___ Data to use
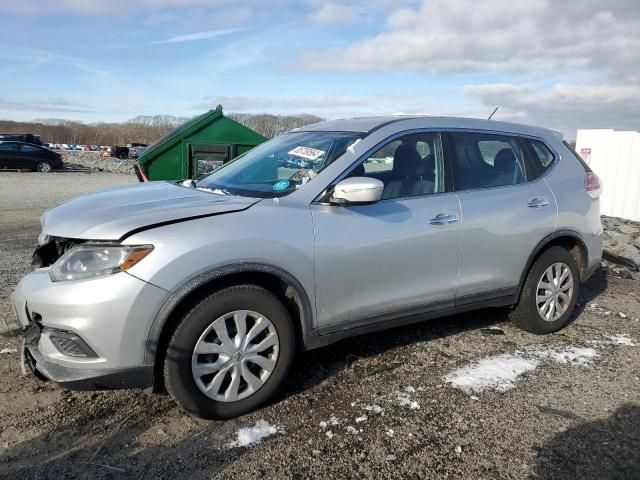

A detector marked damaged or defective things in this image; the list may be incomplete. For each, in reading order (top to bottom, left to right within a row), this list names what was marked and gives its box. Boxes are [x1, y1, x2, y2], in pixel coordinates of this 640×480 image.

crumpled hood [42, 180, 260, 240]
broken headlight lens [49, 244, 153, 282]
damaged front bumper [6, 266, 168, 390]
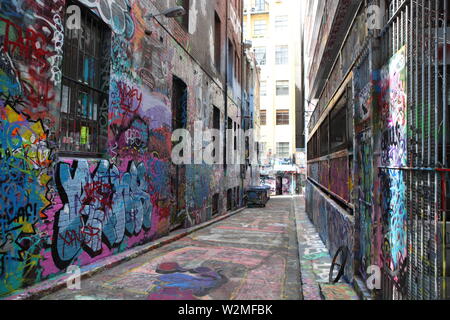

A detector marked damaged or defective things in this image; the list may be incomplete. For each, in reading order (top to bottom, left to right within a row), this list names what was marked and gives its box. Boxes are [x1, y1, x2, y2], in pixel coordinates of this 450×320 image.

rusty metal gate [378, 0, 448, 300]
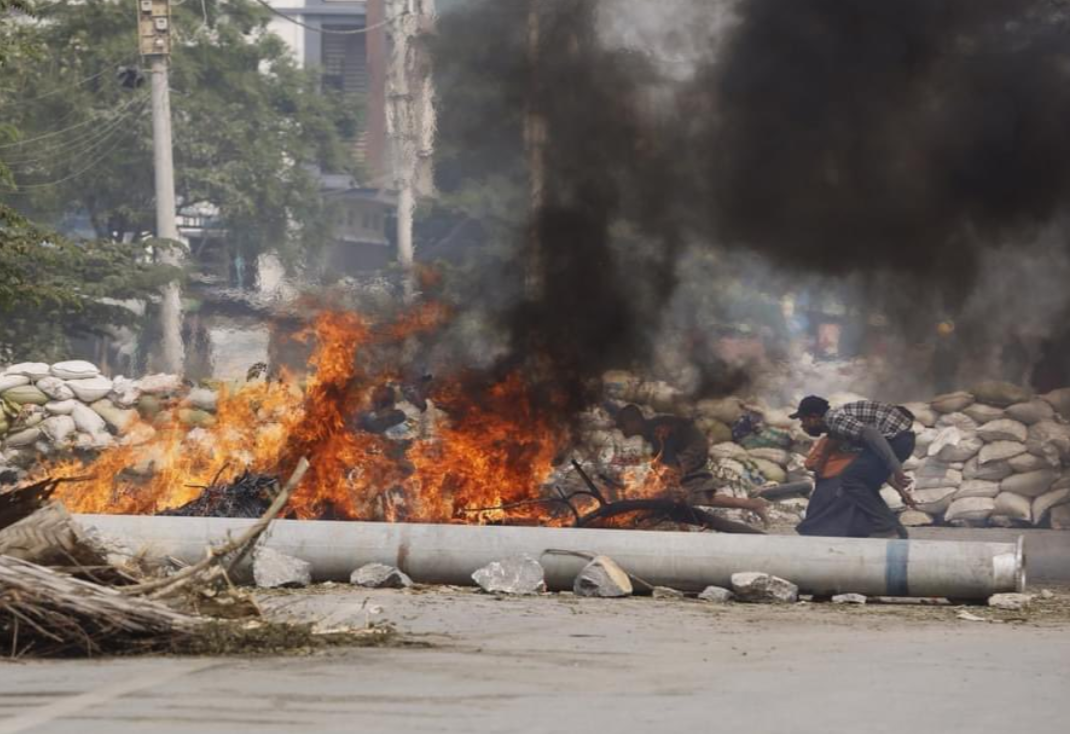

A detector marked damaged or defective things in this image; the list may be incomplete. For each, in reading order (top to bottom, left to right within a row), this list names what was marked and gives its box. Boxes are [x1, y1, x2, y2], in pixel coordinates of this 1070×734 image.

burnt wood in fire [159, 475, 280, 520]
broken concrete block [252, 547, 312, 590]
broken concrete block [353, 564, 415, 590]
broken concrete block [472, 556, 547, 599]
broken concrete block [573, 556, 629, 599]
broken concrete block [693, 586, 736, 603]
broken concrete block [731, 573, 800, 607]
broken concrete block [988, 594, 1031, 612]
______
What needs to be done: Retype every entry verbatim and exclude the pictures from the copy.

Exercise solution:
A detector marked damaged or defective things in this image; the list may be incomplete. For each, in reading order (top to bottom, left to right within a row), this list names what was marked and gives its box. Boxes are [x1, y1, x2, y2], in pixel coordinates of this 640×480 image.

crumpled hood [42, 180, 260, 240]
broken headlight lens [49, 244, 153, 282]
damaged front bumper [6, 266, 168, 390]

A detector marked damaged or defective things in this image; the list may be incomplete. For each, in reading order (top to bottom, left to right within a row), this list names what was marked and gives its box. Boxes are [x1, y1, x2, y2], in pixel coordinates of this 450×320 image.

rusty metal gate [378, 0, 448, 300]

A detector marked damaged or defective things in this image; the list may be incomplete. For each, in reading order (top to bottom, left to right within a row), this list names what was marked and gives its box. Boxes are [x1, y1, x2, y2], in pixel coordinates of this 1070×734 image.

burnt wood in fire [159, 475, 280, 520]
broken concrete block [252, 547, 312, 590]
broken concrete block [353, 564, 415, 590]
broken concrete block [472, 556, 547, 599]
broken concrete block [573, 556, 629, 599]
broken concrete block [693, 586, 736, 603]
broken concrete block [731, 573, 800, 607]
broken concrete block [988, 594, 1031, 612]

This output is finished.